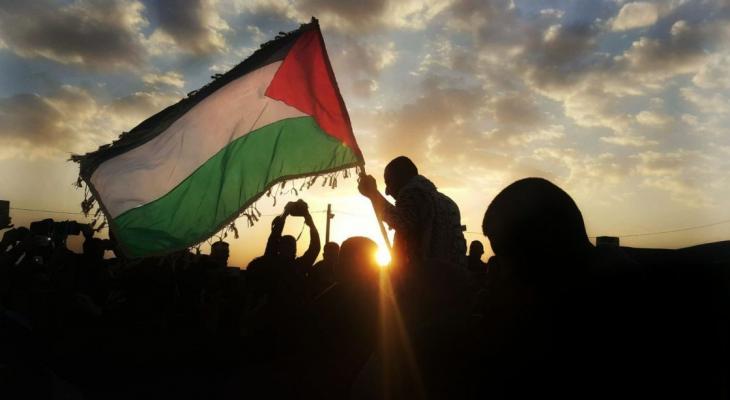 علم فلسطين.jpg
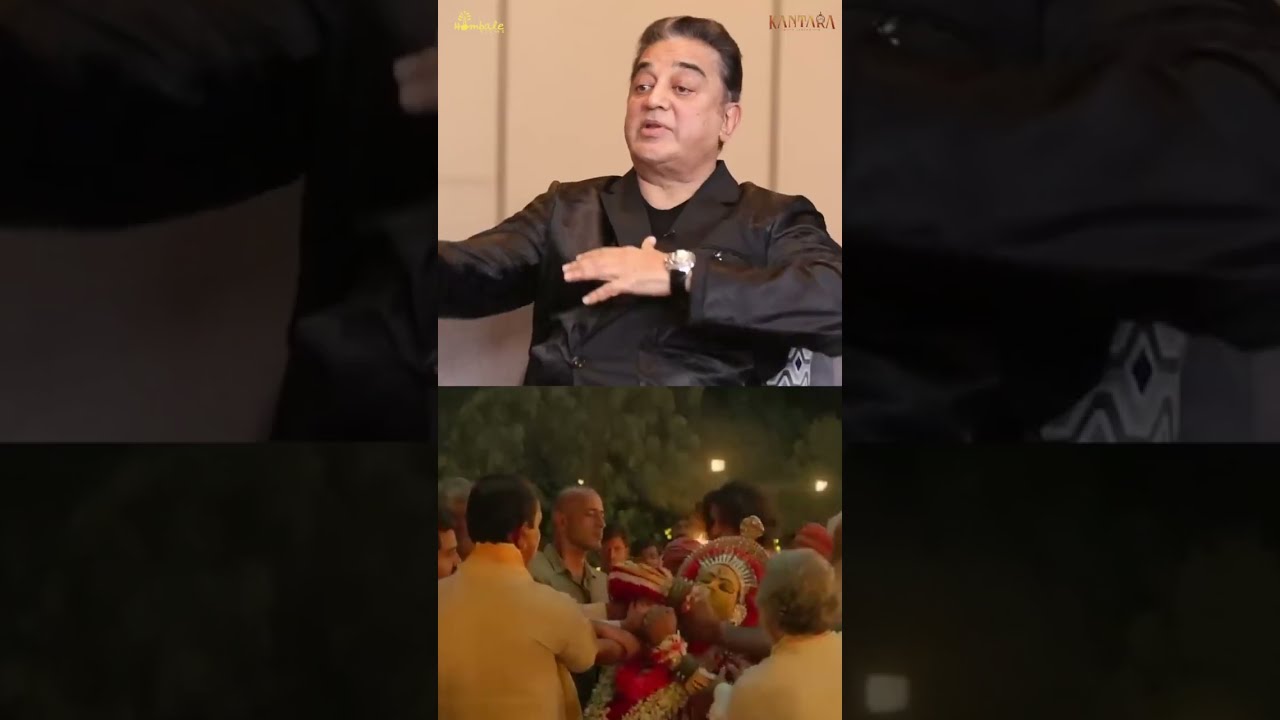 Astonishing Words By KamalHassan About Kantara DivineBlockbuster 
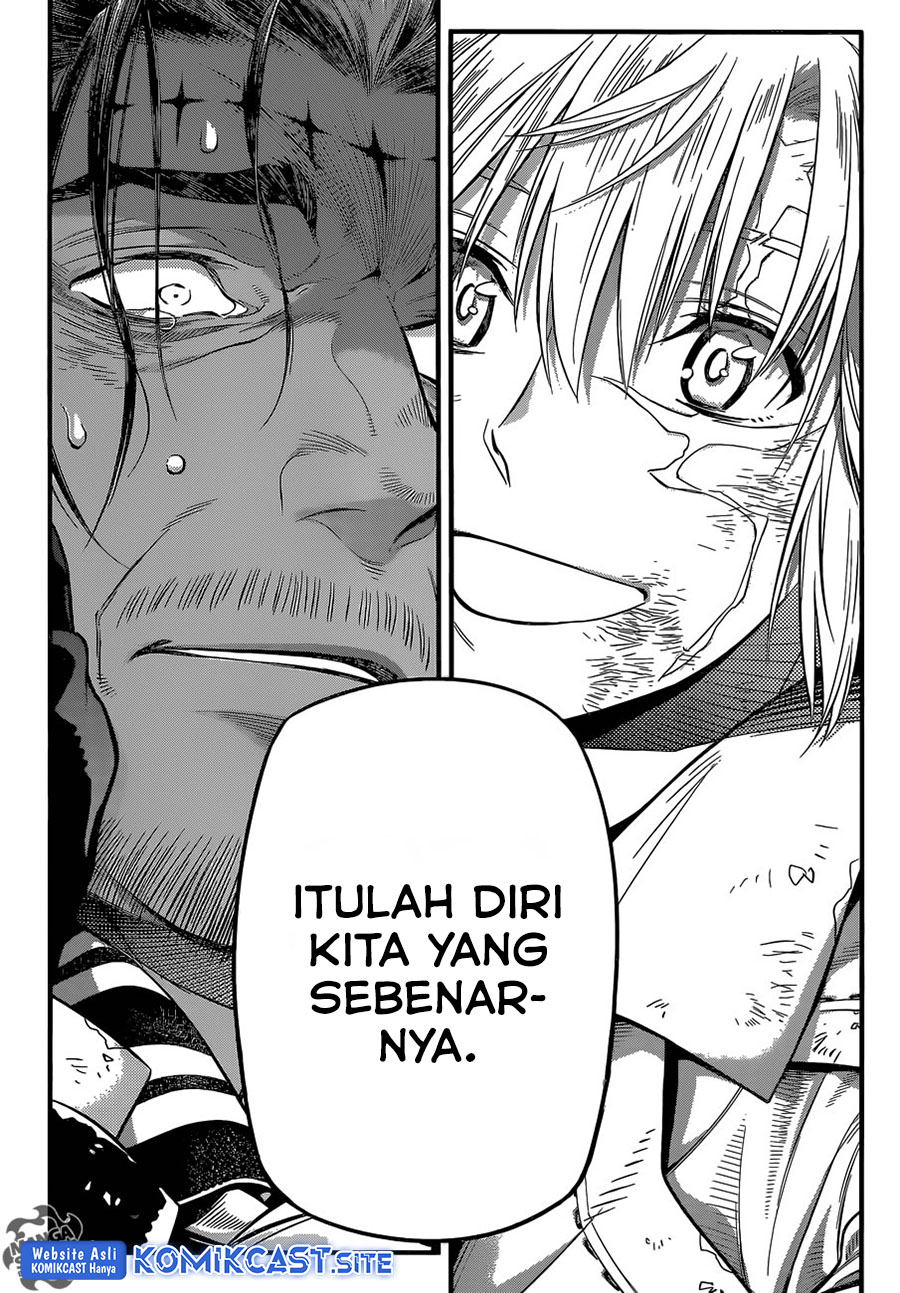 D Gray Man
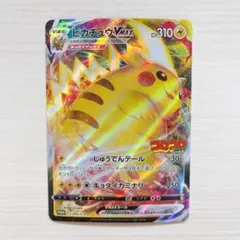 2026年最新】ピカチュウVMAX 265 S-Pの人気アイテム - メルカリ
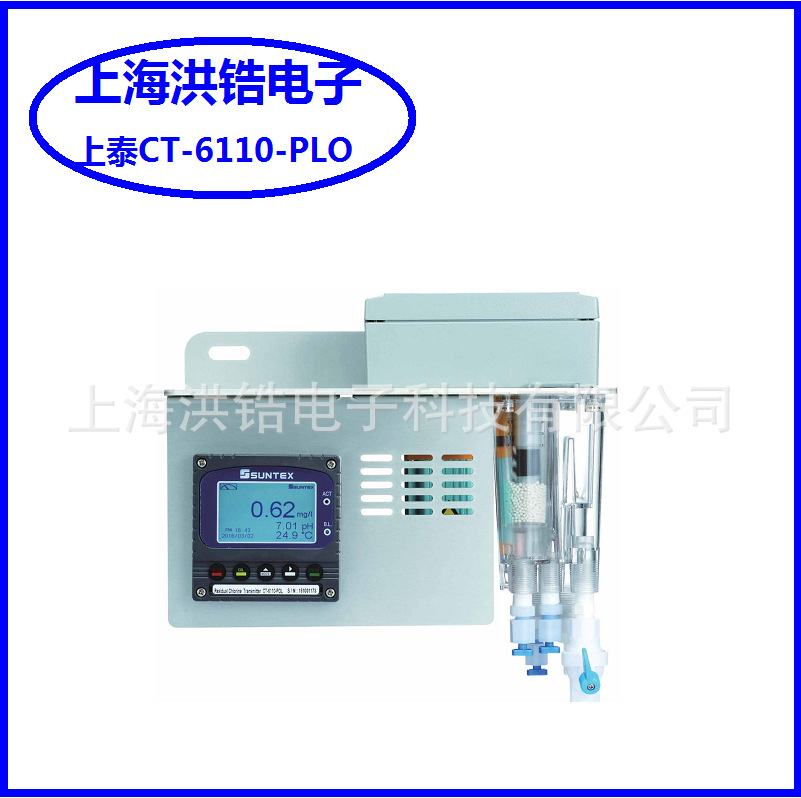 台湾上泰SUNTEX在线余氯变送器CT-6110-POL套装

### What the task asks
Each line of the listing above should be retyped exactly, with no pictures.

### Completed exercise
 علم فلسطين.jpg
 Astonishing Words By KamalHassan About Kantara DivineBlockbuster 
 D Gray Man
 2026年最新】ピカチュウVMAX 265 S-Pの人気アイテム - メルカリ
 台湾上泰SUNTEX在线余氯变送器CT-6110-POL套装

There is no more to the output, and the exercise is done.